This all ties into the lead officer assigned to the Merriman disappearance, Detective Clyde Hunt. Unable to locate Alyssa and bring her home, Hunt has been consumed by the case. He’s immersed himself so deeply and become so obsessed that he’s lost his wife and alienated his son. Being so determined to close the file, he’s remained close to the Merriman family and because of this, rumors have swirled that he’s harboring feelings for Katherine.
This only scratches the surface of what’s going on within these tightly edited 413 pages. At the risk of spoiling things, I’ll leave it there.
In The Last Child, Hart showcases a rich cast of supporting characters, all of whom are put through the wringer so to speak. The book itself is as much about the actions and reactions of each individual as it is about the disappearance of Alyssa Merriman. It almost feels like a literary Rubik’s Cube with each character trying to solve his or her own particular problem and by doing so, they’re screwing it up for everyone else when they shift directions.
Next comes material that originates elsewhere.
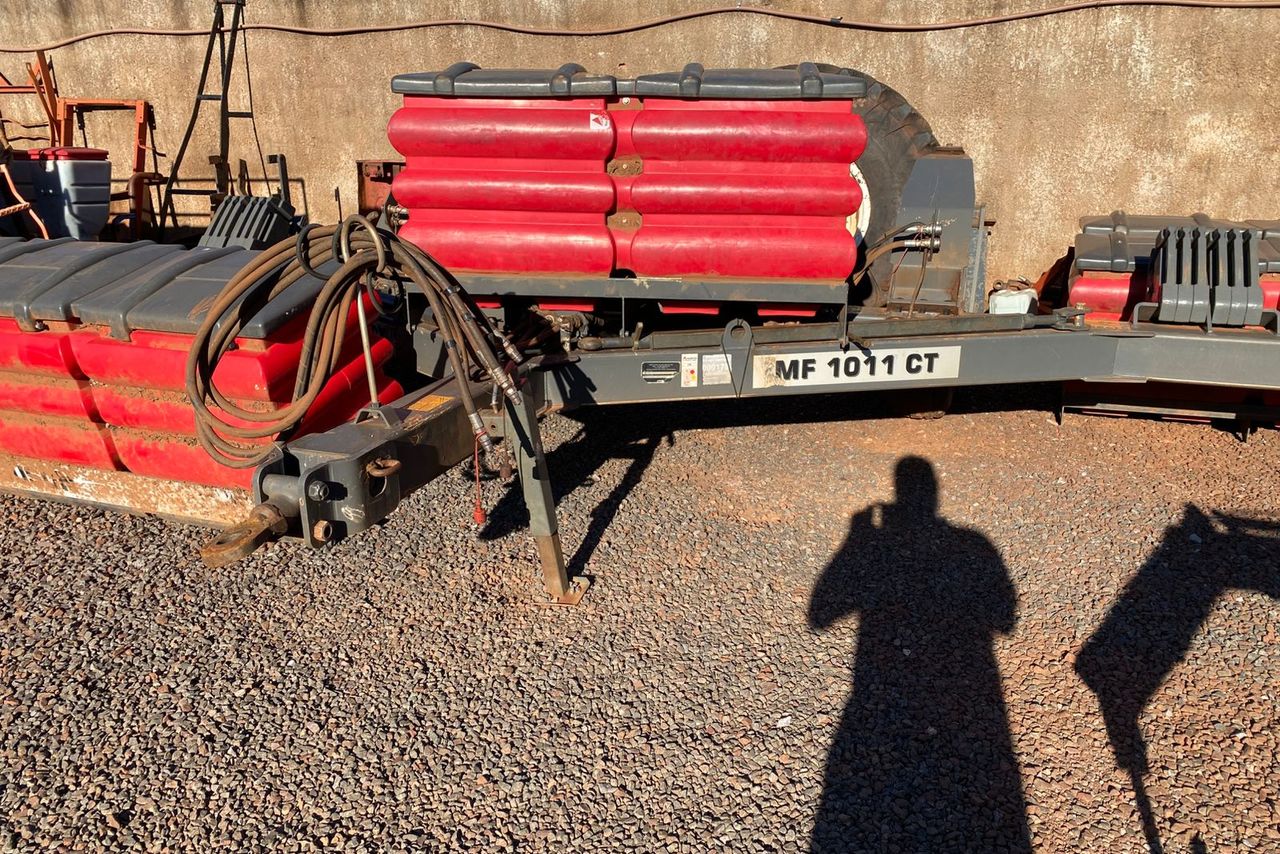 Massey Ferguson Serie 500 - 22/22 5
I know it’s said a lot and can come across as a kind of reviewing cliche but I honestly didn’t see that ending coming. I’m interested in re-reading it at some point to see if I can spot any subtle hints Hart laid around leading up to the big reveal as I feel I was totally blindsided by the novel’s outcome.
Winning an Edgar Award in 2010, The Last Child is one of the few mystery novels I’ve read that isn’t a part of a longer series. Luckily for me Hart has three other novels to get my hands on, one of which also snagged him another coveted Edgar in 2008 as well.